Mormon histories have long tried to disassociate the LDS Church from any doctrine, which advocates that the atonement of Jesus Christ is insufficient for redemption from sin. However mid-nineteenth century Mormon theologians postulated this doctrine to justify Joseph Smith's belief that the "law of mercy" did not cover the sins of murder, apostasy and sexual immorality. While LDS histories today are reluctant to admit that Blood Atonement was ever a doctrine espoused by its early leaders, when they do, they dismiss the practice as a "misunderstanding or misuse of earlier sermons concerning the atonement of Jesus Christ or the civil necessity of capital punishment. " Many Mormon histories simply wave away the perception of wrong doing by saying the Blood Atonement sermons of Brigham Young were simply his use of "rhetoric devices designed to frighten wayward individuals into conformity with Latter-Day Saints principles". Others argue that Blood Atonement was simply an "overly enthusiastic response" to the Mormon Reformation "wherein some unauthorized zealots may have applied the concept in extreme measures." Clearly these views are written myopically through "faith promoting" spectacles. 

The late Mormon Apostle, Bruce R. McConkie, author of the classic text, Mormon Doctrine, while disclaiming that blood atonement was ever actually practiced, felt that it was a true principle because of the teachings of Joseph Smith.
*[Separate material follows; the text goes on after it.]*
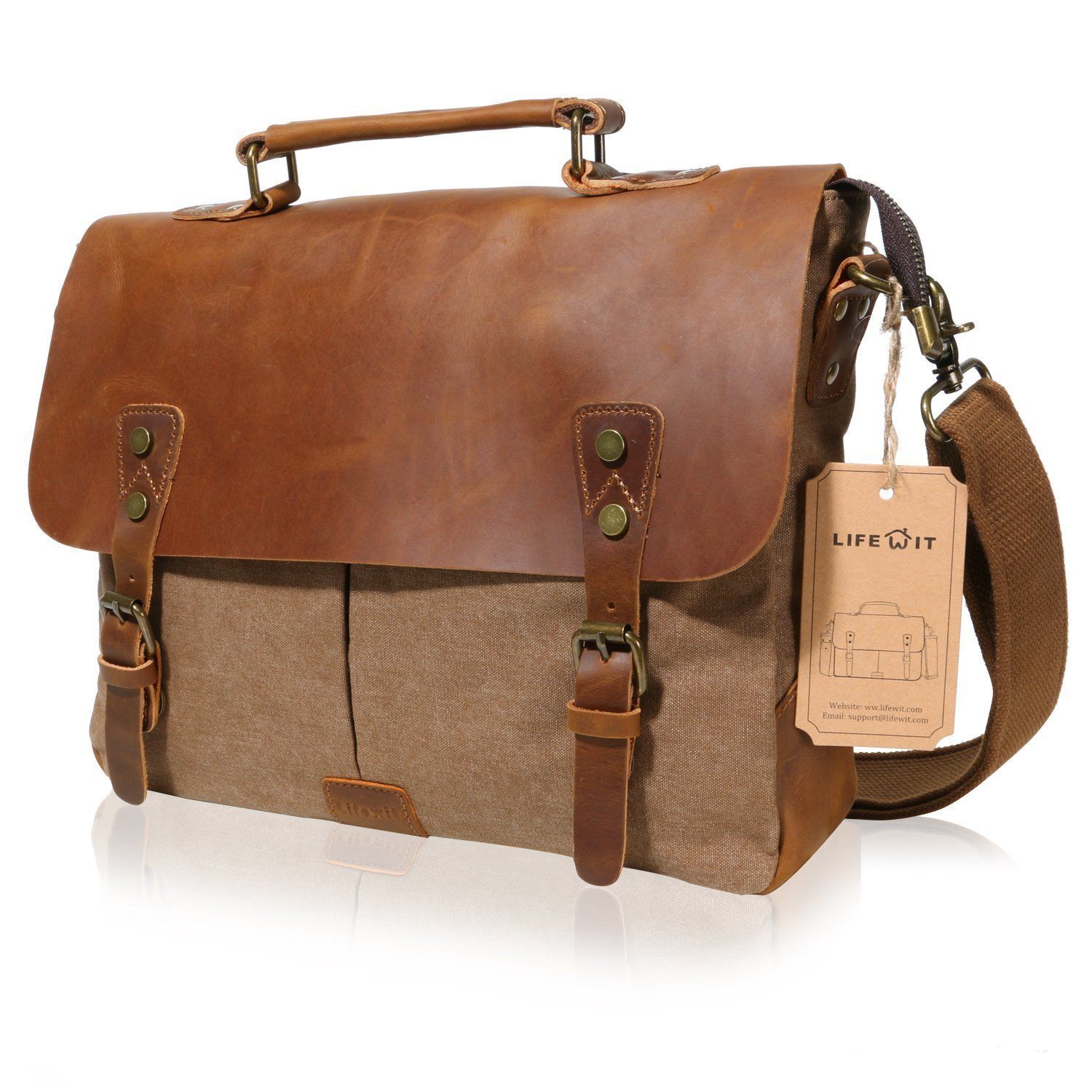 14 Messenger Bag Vintage Leather Canvas Laptop Shoulder Men 14 Messenger Bag Vintage Leather Canvas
McConkie wrote: "... under certain circumstances there are some serious sins for which the cleansing of Christ does not operate, and the law of God is that men must have their own blood shed to atone for their sins..." (13) 

Gustive O. Larson, former Professor of Church History at Brigham Young University, unlike McConkie, was willing to admit that Blood Atonement was indeed practiced in early LDS history. "To whatever extent the preaching on blood atonement may have influenced action, it would have been in relation to Mormon disciplinary action among its own members. In point would be a verbally reported case of a Mr. Johnson in Cedar City who was found guilty of adultery with his stepdaughter by a bishop's court and sentenced to death for atonement of his sin. According to the report of reputable eyewitnesses, judgment was executed with consent of the offender who went to his unconsecrated grave in full confidence of salvation through the shedding of his blood. Such a case, however primitive, is understandable within the meaning of the doctrine and the emotional extremes of the [Mormon] Reformation." " (14) 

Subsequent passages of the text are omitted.